[patch 00/11] x86/vdso: Cleanups, simmplifications and CLOCK_TAI support

Andy Lutomirski luto at amacapital.net
Thu Oct 4 14:00:45 UTC 2018



> On Oct 4, 2018, at 1:11 AM, Peter Zijlstra <peterz at infradead.org> wrote:
> 
>> On Thu, Oct 04, 2018 at 09:54:45AM +0200, Vitaly Kuznetsov wrote:
>> I was hoping to hear this from you :-) If I am to suggest how we can
>> move forward I'd propose:
>> - Check if pure TSC can be used on SkyLake+ systems (where TSC scaling
>> is supported).
>> - Check if non-masterclock mode is still needed. E.g. HyperV's TSC page
>> clocksource is a single page for the whole VM, not a per-cpu thing. Can
>> we think that all the buggy hardware is already gone?
> 
> No, and it is not the hardware you have to worry about (mostly), it is
> the frigging PoS firmware people put on it.
> 
> Ever since Nehalem TSC is stable (unless you get to >4 socket systems,
> after which it still can be, but bets are off). But even relatively
> recent systems fail the TSC sync test because firmware messes it up by
> writing to either MSR_TSC or MSR_TSC_ADJUST.
> 
> But the thing is, if the TSC is not synced, you cannot use it for
> timekeeping, full stop.

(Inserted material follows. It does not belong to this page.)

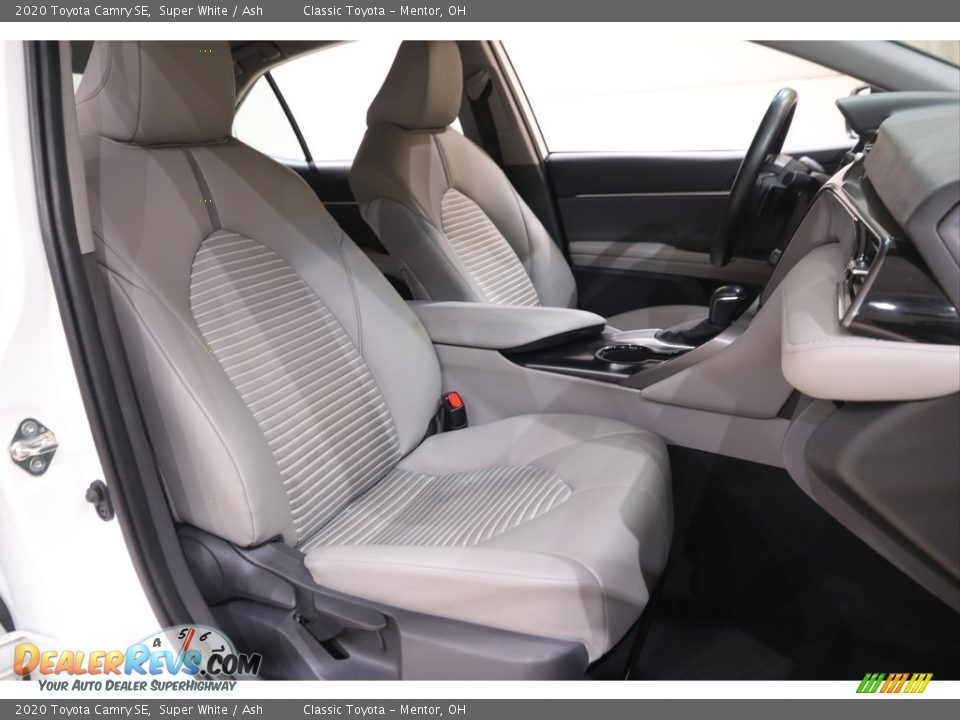 2020 Toyota Camry SE Super White / Ash Photo #15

So having a single page is fine, it either
> contains a mult/shift that is valid, or it indicates TSC is messed up
> and you fall back to something else.
> 
> There is no inbetween there.
> 
> For sched_clock we can still use the global page, because the rate will
> still be the same for each cpu, it's just offset between CPUs and the
> code compensates for that.

But if we’re in a KVM guest, then the clock will jump around on the same *vCPU* when the vCPU migrates.

But I don’t see how kvmclock helps here, since I don’t think it’s used for sched_clock.